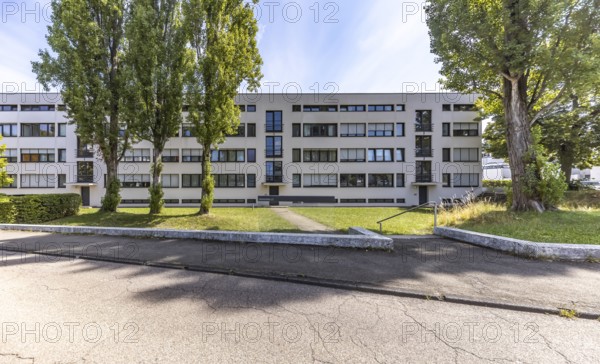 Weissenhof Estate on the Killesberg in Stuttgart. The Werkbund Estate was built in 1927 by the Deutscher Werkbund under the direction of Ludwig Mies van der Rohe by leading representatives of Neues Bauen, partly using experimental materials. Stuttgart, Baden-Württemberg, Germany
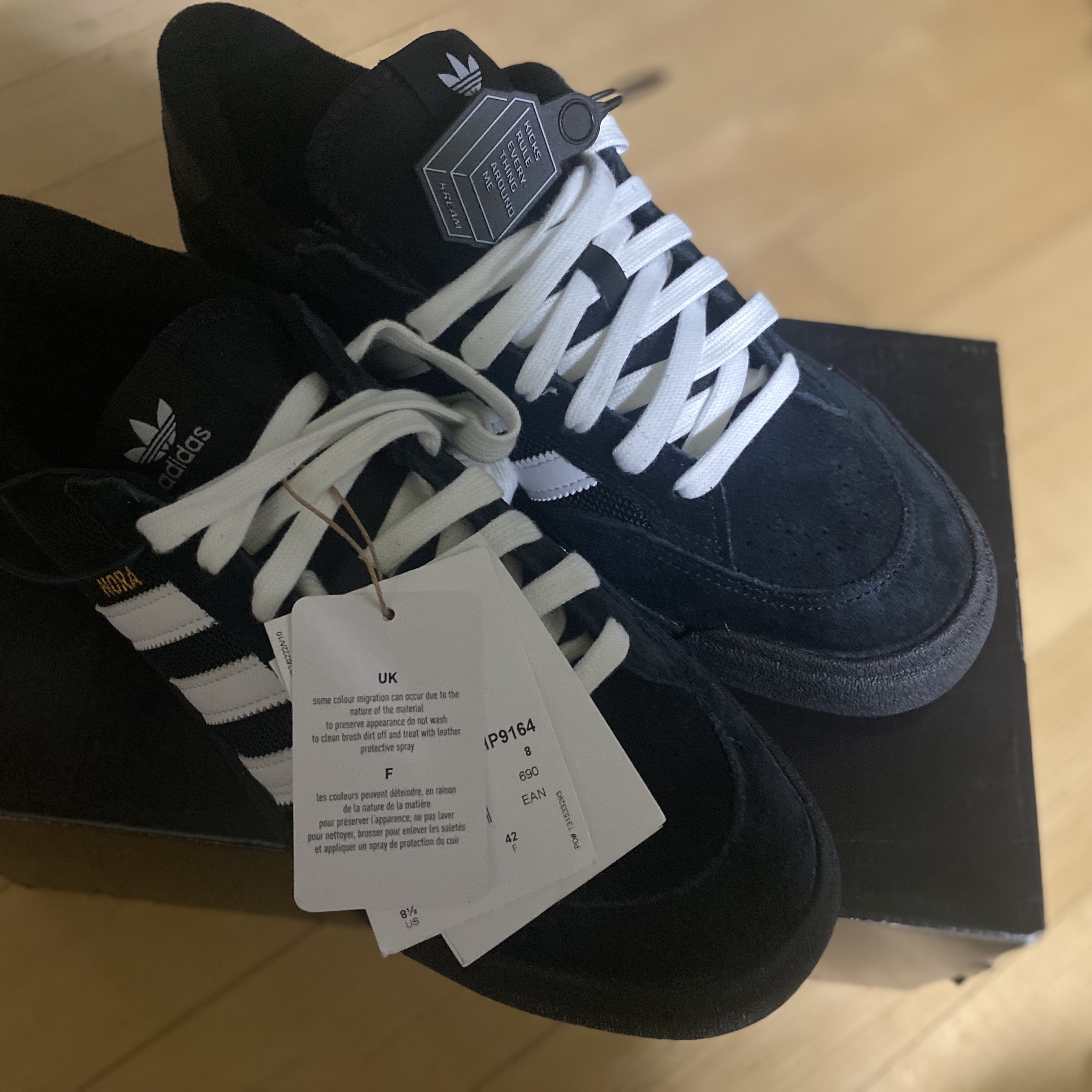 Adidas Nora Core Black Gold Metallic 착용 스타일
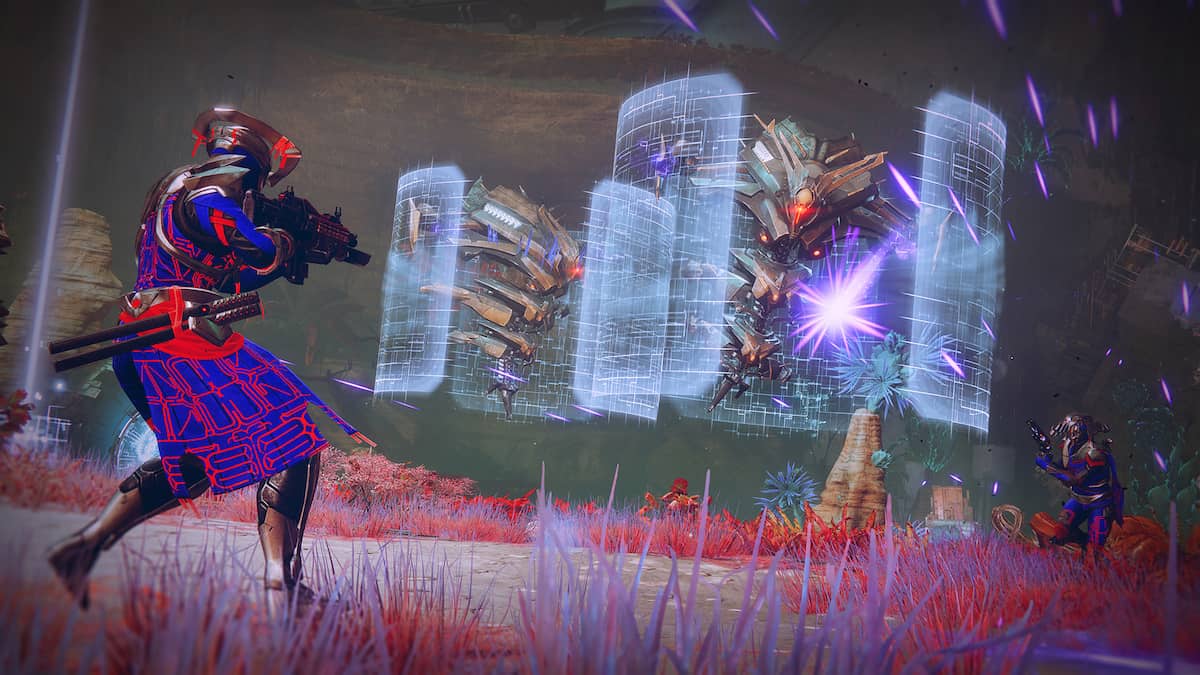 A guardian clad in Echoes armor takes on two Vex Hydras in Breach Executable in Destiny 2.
-=-=-=-=-
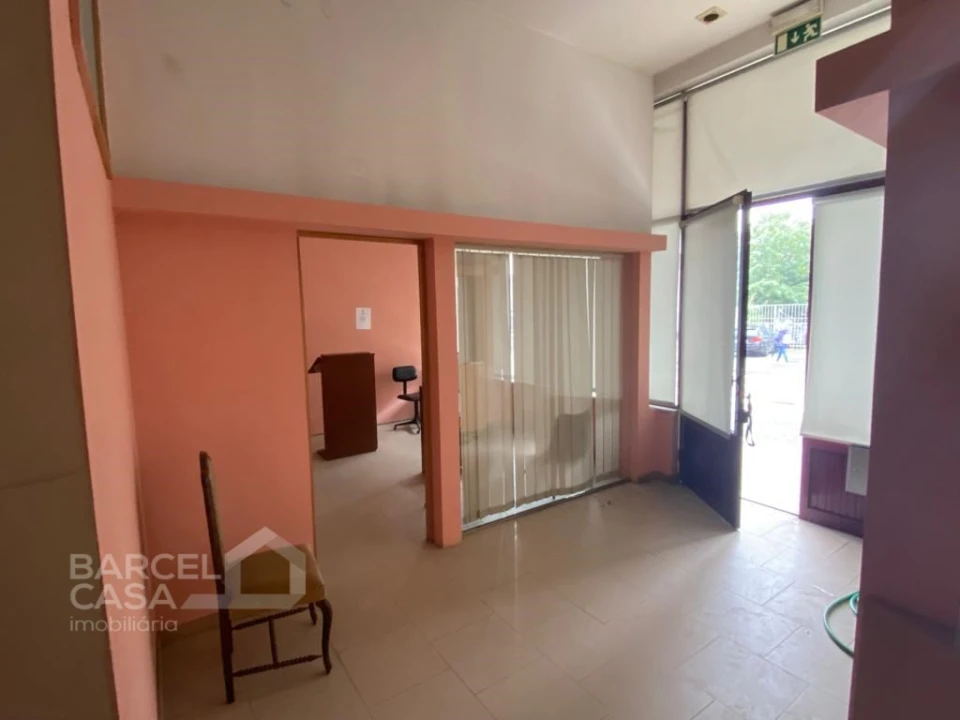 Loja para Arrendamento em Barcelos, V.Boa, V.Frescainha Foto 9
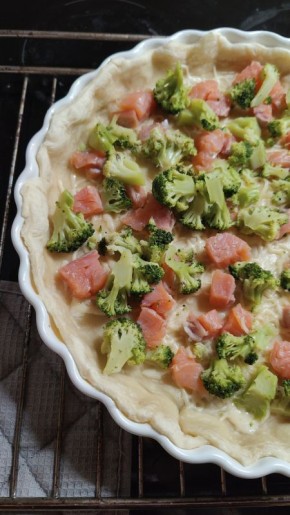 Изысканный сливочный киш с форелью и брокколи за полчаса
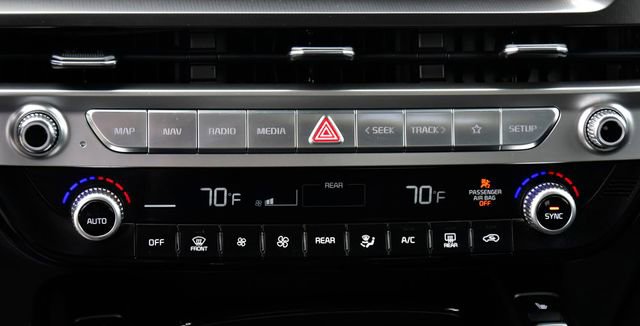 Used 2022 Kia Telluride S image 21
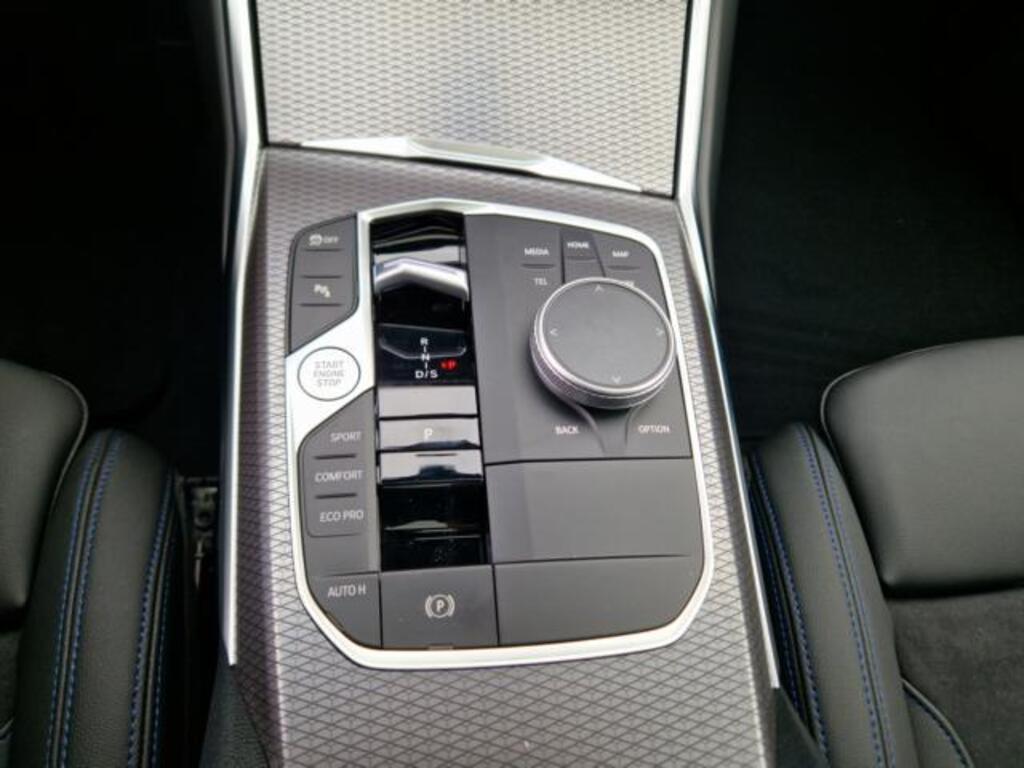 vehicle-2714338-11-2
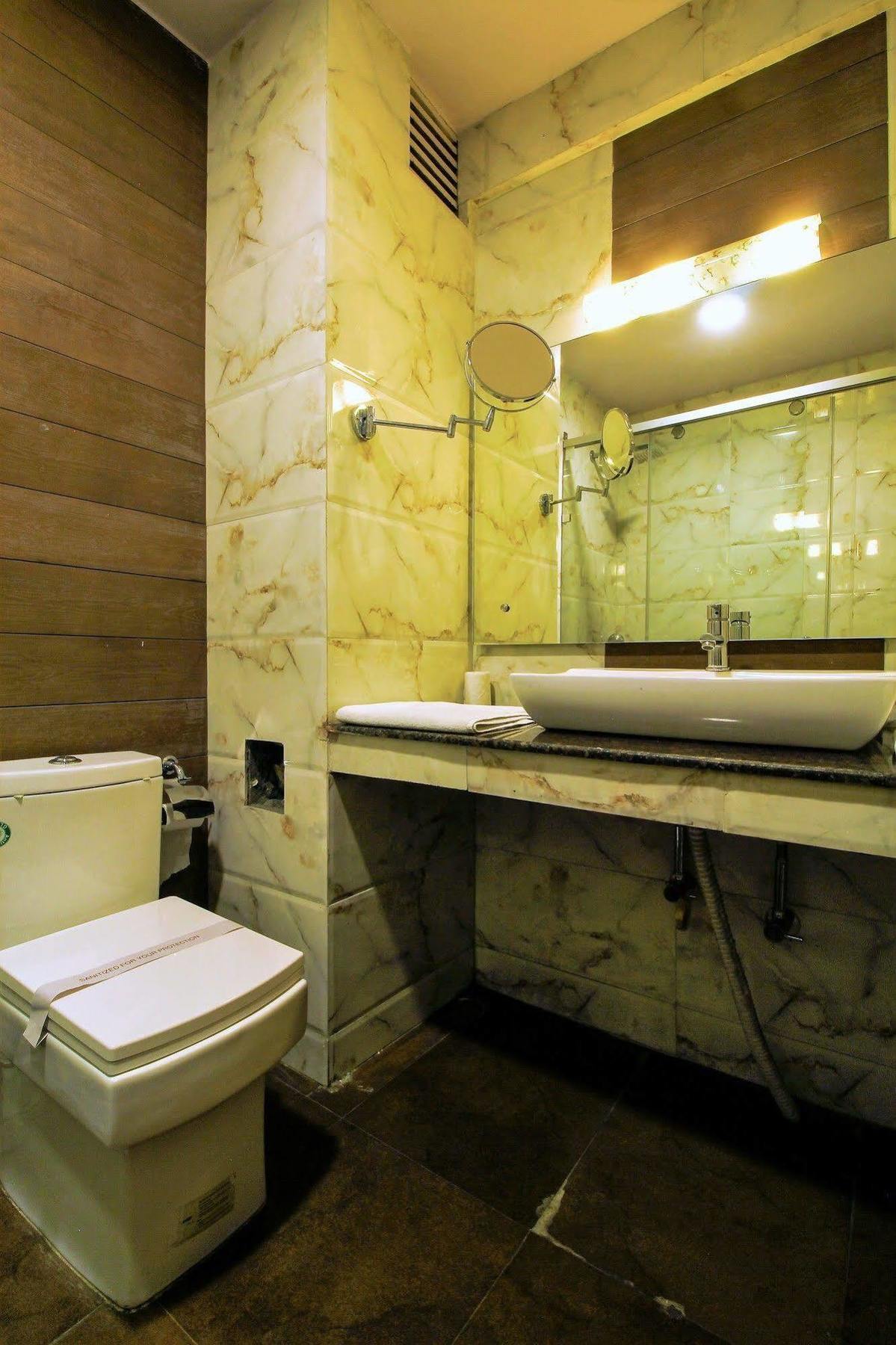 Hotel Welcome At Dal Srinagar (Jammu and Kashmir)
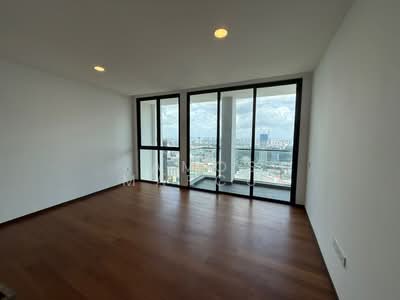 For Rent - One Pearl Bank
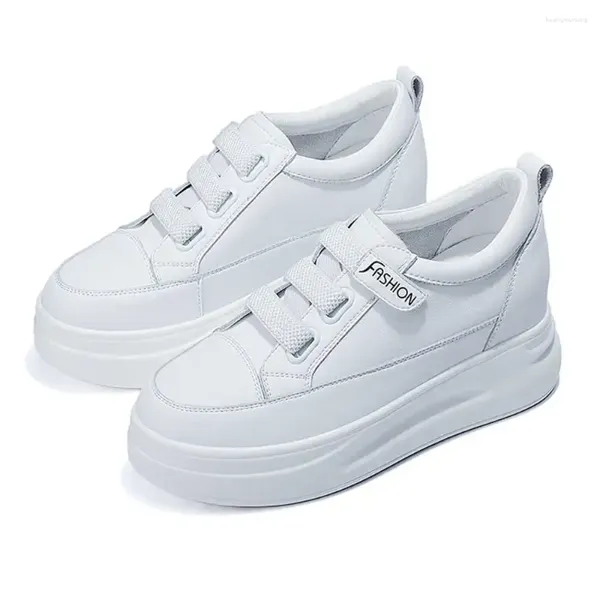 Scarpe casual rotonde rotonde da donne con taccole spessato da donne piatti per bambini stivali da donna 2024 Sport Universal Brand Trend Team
-=-=-=-=-
_Exercise requirements:_
In the listing above, find the line containing "Изысканный сливочный киш" and the line containing "Scarpe casual rotonde". Print those two lines and every line between them exactly, with no pictures.

_Problem solution:_
 Изысканный сливочный киш с форелью и брокколи за полчаса
 Used 2022 Kia Telluride S image 21
 vehicle-2714338-11-2
 Hotel Welcome At Dal Srinagar (Jammu and Kashmir)
 For Rent - One Pearl Bank
 Scarpe casual rotonde rotonde da donne con taccole spessato da donne piatti per bambini stivali da donna 2024 Sport Universal Brand Trend Team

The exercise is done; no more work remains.